- **Data shown**
***
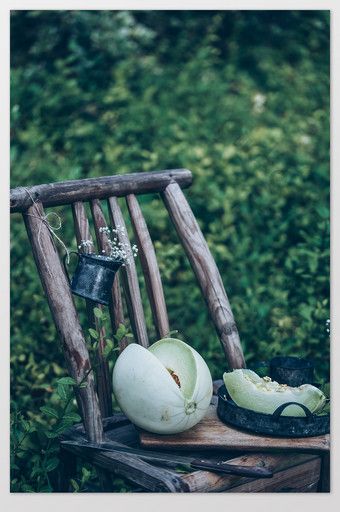 Chair Still Life, Green Melon, Cosmetic Creative, Fruit Photography, Green Texture, Still Life Photos, Food Fruit, Chinese Landscape, Green Fruit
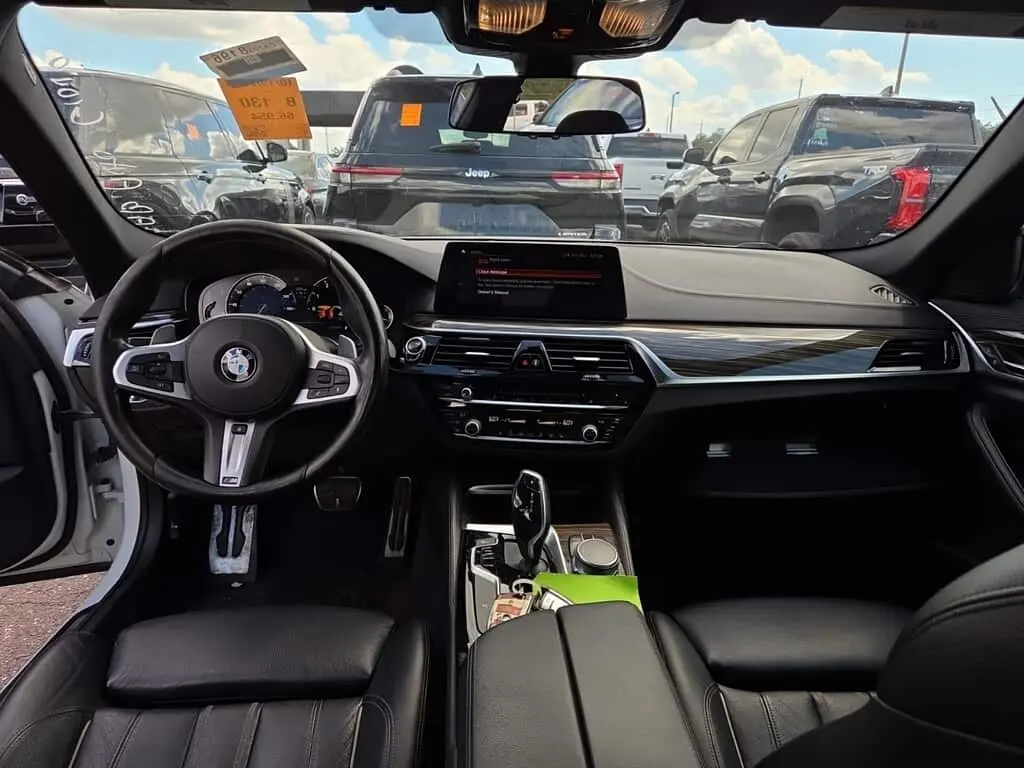 2018 BMW 5 SERIES 530I XDRIVE photo 10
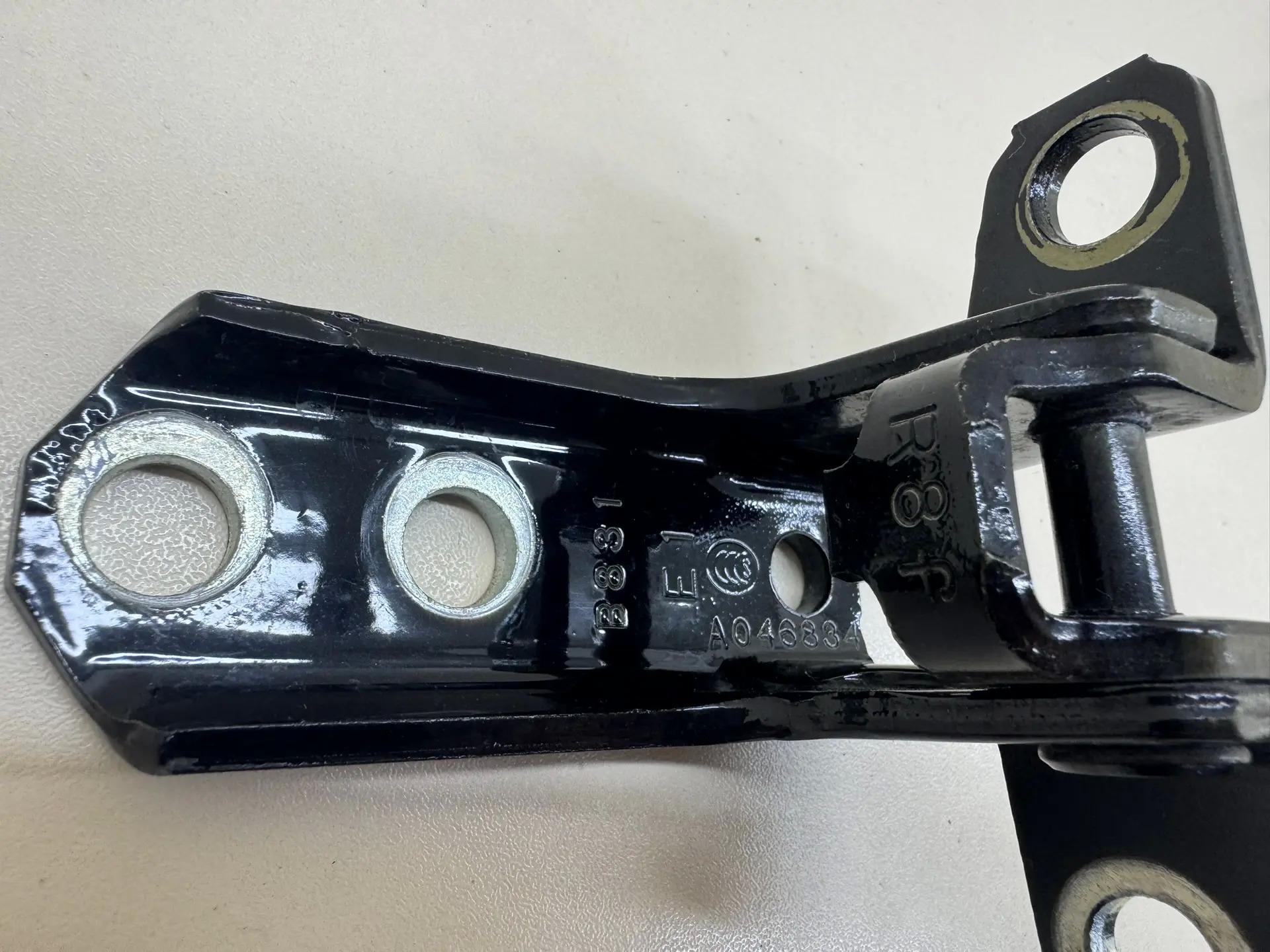 Петля двери задней левой нижняя Mitsubishi Outlander (GF) 2012>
***
Would you transcribe the whole listing above exactly? The pictures should not be included.

- **Exercise output**
 Chair Still Life, Green Melon, Cosmetic Creative, Fruit Photography, Green Texture, Still Life Photos, Food Fruit, Chinese Landscape, Green Fruit
 2018 BMW 5 SERIES 530I XDRIVE photo 10
 Петля двери задней левой нижняя Mitsubishi Outlander (GF) 2012>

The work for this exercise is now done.